Bompressi, Sofri, Pietrostefani. L’accostamento generalmente è questo, come una sorta di trinità inscalfibile e indivisibile. Che responsabilità hanno, secondo lei, i tre nell’omicidio Calabresi?
Innanzitutto va chiarito che sono tre persone completamente diverse e ognuno di loro ha avuto ruoli differenti nell’affaire Calabresi. Sofri, a mio giudizio, non ha organizzato l’agguato tanto più che quando accadde il fatto si trovava a Napoli, dove curava il giornale ‘Mò, il tempo si avvicina’ del quale se non ricordo male, ero io il direttore responsabile. Sebbene fosse un giornale pieno di fregnacce. Sofri è stato assolto dall’opinione pubblica di sinistra e, comunque, differentemente da altri si è fatto un bel po’ di anni di galera.
Giorgio Pietrostefani è il nome più altisonante della retata francese. L’ha conosciuto?
Non l’ho conosciuto negli anni più fulgidi della sua militanza milanese. Ho avuto modo di incontrarlo più tardi per motivi professionali. Meno che mai ho conosciuto Bompressi, sincero amico dei proletari a cui venne dato il triste incarico di premere il grilletto alle spalle del commissario.
Poi, in carcere, crollò.
Certo: non aveva l’armatura intellettuale che poteva vantare Adriano Sofri. Non era più il guerrigliero romantico del ’72, e il carcere logora. Ed è anche per questo che sono stato contento quando il presidente Napolitano gli concesse la grazia.

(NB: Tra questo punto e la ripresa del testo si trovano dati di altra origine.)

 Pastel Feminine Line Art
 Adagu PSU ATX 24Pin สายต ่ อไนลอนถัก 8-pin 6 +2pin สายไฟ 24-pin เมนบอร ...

Il figlio del commissario Calabresi, Mario, ha scritto che non riesce a provare soddisfazione nel vedere una persona vecchia e malata in carcere dopo così tanto tempo. Che cosa ne pensa?
Sono d’accordo, in pieno. La questione è bina. Da un lato c’è da considerare che, alcuni di quelli che hanno ucciso allora non hanno ancora pagato. D’altro canto, c’è da considerare che persone di oltre sessant’anni, pagherebbero colpe di trenta o quarant’anni fa. Ci vorrebbe in buona sostanza una forma di amnistia che attenui le situazioni processuali di queste persone. C’è da dire che nessuno dei retori che oggi pongono questioni sull’età dei terroristi intercettati in Francia, si è mai pronunciato, ad esempio, sul caso di Erich Priebke, che aveva quasi cento anni quando venne condannato per un processo in cui lui era solamente un ufficialetto del bestiale esercito occupante.
Secondo lei l’operazione Draghi-Macron scuoterà le coscienze?
Non penso. Anche perché, soprattutto per giovani generazioni, quei sono nomi non evocano nulla. Senza dire che c’è una vulgata di persone che continua a reputarli combattenti romantici figli di quell’epoca. Temo che si riproponga ancora una volta il refrain dei ‘compagni che sbagliano’. Laddove molti di loro, non sono altro che feccia. La feccia della nostra generazione.
Che cos’era realmente Lotta Continua?
Era una realtà complessa, viva, ricca, la più stimolante della mia generazione. Un conglomerato delle migliori forze: da Enrico Deaglio a Marco Boato a Guido Viale. Il loro errore fu quello di incaponirsi nella campagna contro Calabresi, accusato di una cosa mostruosa senza alcun elemento di prova. I più arcigni di loro organizzarono l’agguato che diede il là alla stagione del terrorismo rosso in Italia.
Che cosa è rimasto di tutto questo?
La lobby di Lotta Continua c’è ancora ed è compatta. Purtroppo credo che continuerà a mancare all’appello una fetta di verità su quegli anni che per vigliaccheria e opportunismo non verrà mai a galla.